My contention in this paper is that Nabokov's 1937 article,
"Pouchkine, ou le vrai et le vraisemblable," has been unjustly neglected.
Ostensibly an appreciation of Russia's premier poet and a treatise on the
importance of making basic critical distinctions, it has, understandably
enough, been viewed as a casual sketch, something that was to be
splendidly superseded by the commentary in the multi-volume Pushkin
translation published some thirty years later. The more recondite, more
imaginative fiction Nabokov was producing in the 1930s has therefore
received the bulk of our attention. yet this article, like so much else in
Nabokov's work, is not exactlt what it seems, and deserves to be better
I shall argue that it actually serves as a capsule summary of the
principal issues he was concurrently exploring in his fiction: the
multi-faceted nature of the "biographie romancee," the difficulties
attendant on any attempt to enter another's world, the importance of the
difference between the elite and plebian, and the task of preserving
Russian culture by resisting vulgar attempts to appropriate it. Not only
that: at the same time it reveals the determinedly pre-modernist aspects
of Nabokov's own critical assumptions, as he brilliantly refights the
battles of the 1840s and 50s in the 1930s. He published all of his Russian
novels in the most eminent of Parisian emigre jounals, and the Pushkin
piece in _Nouvelle Revue Francaise,_ yet the approach to the problems
posed by Pushkin's work reveals both Nabokokvs' quasi-total isolation from
twentieth-century literary and intellectual movements and the
fundamentally anti-theoretical foundations of his art. The author who
prided himself on travelling through life in a space helmet had a mind too
fine to be ravished by a modernist theory.

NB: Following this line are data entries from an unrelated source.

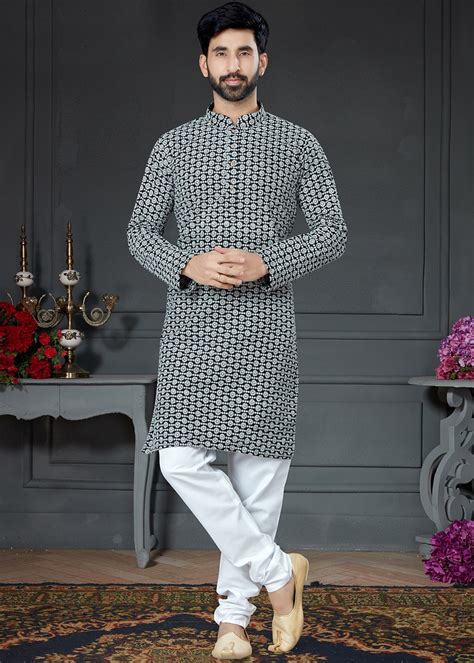 Fancy Black Kurta For Men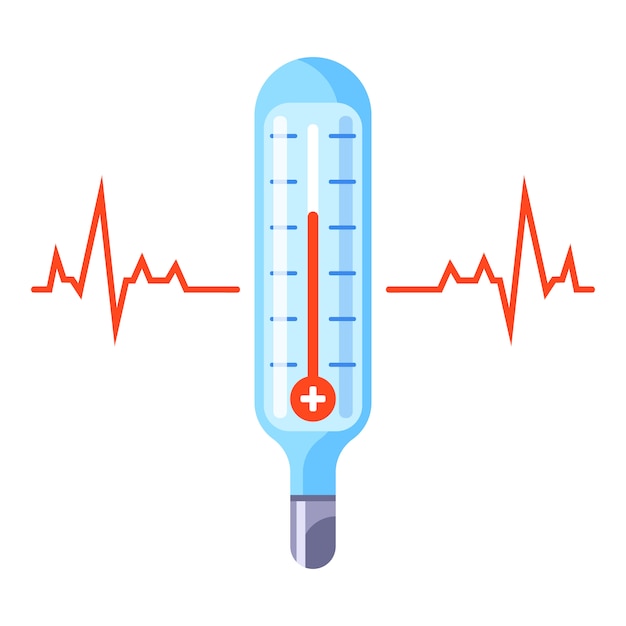 medische glazen thermometer. verhoogde menselijke temperatuur. vlakke afbeelding.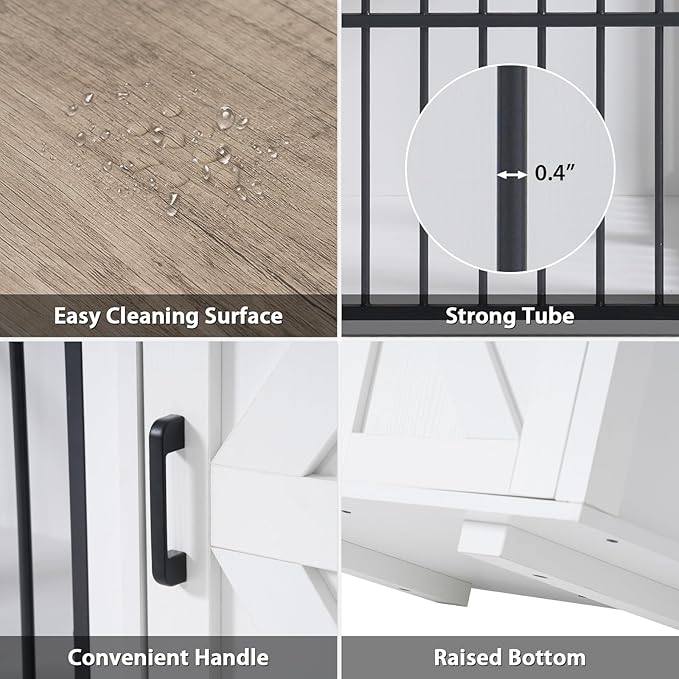 Verano Garden 88" Dog Crate Furniture, Dog Kennel Cage, White (88") | 2-in-1, Lockable, Decorative, Sliding Door, Removable Divider, Adjustable Shelf, Farmhouse, Heavy Duty, Small Medium Dogs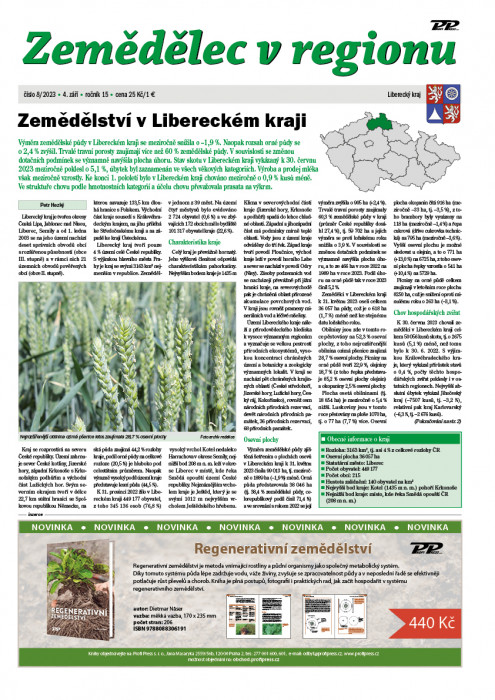 Obálka titulu Zemědělec v regionu - vydanie č. 8/2023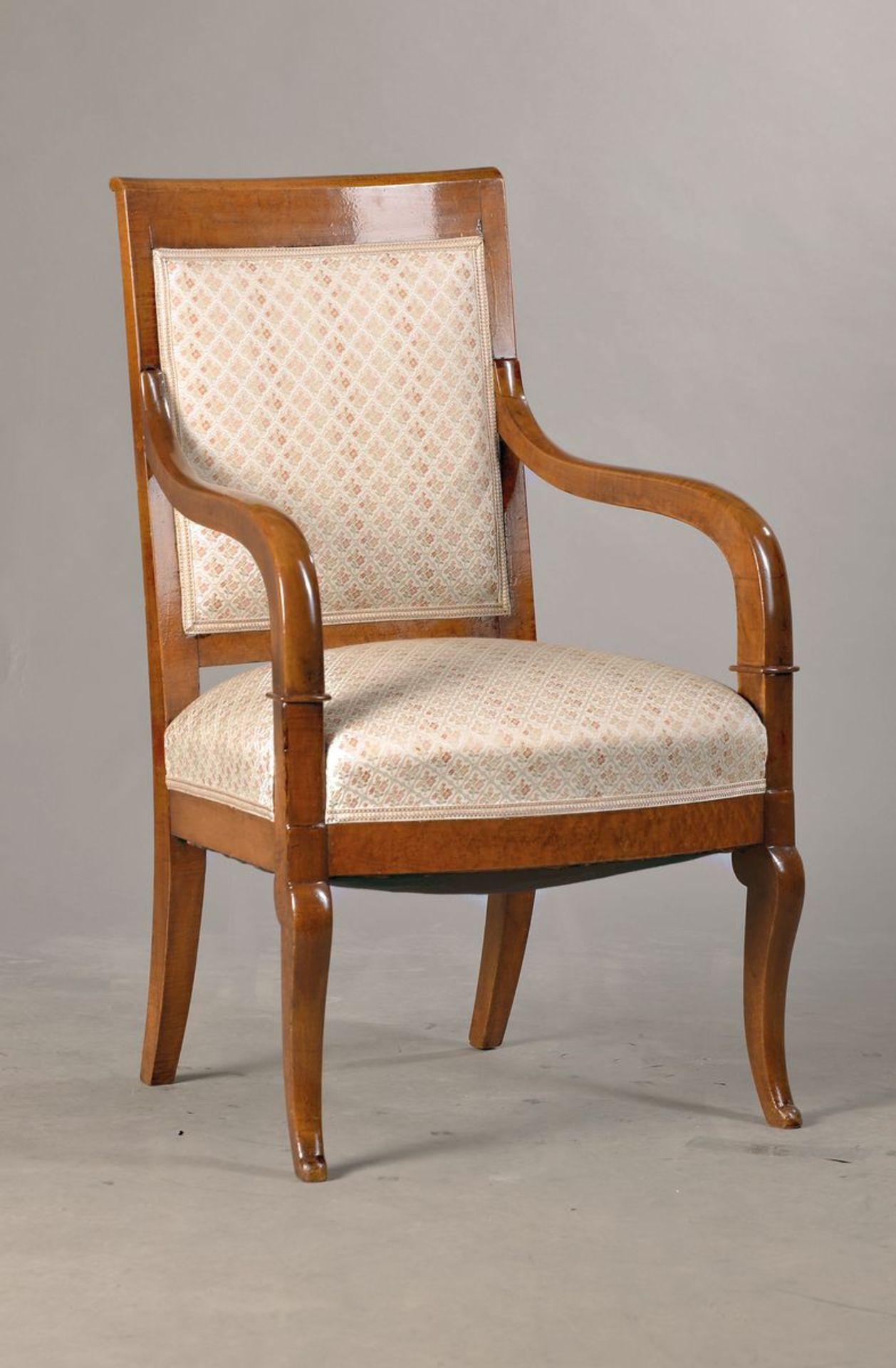 armchair, France, Middle of 19th c., walnut and beech massive, decent condition of upholstery and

The whole process of stating a thesis, adducing relevant evidence,
making logical transitions, and moving toward a plausible conclusion is
somewhat alien to Nabokov's aesthetic sensibility, and the "Le vrai et le
vraisemblabale" helps explain his aversion to and distain of the
expository mode as a means of exploring ideas about literature. Finally,
in its anatomy of a madman and its critique of his banal imaginings, it
offers an intriguing and proleptic look at where Nabokov was going, at
what the subject of his most audacious and successful fiction was to be.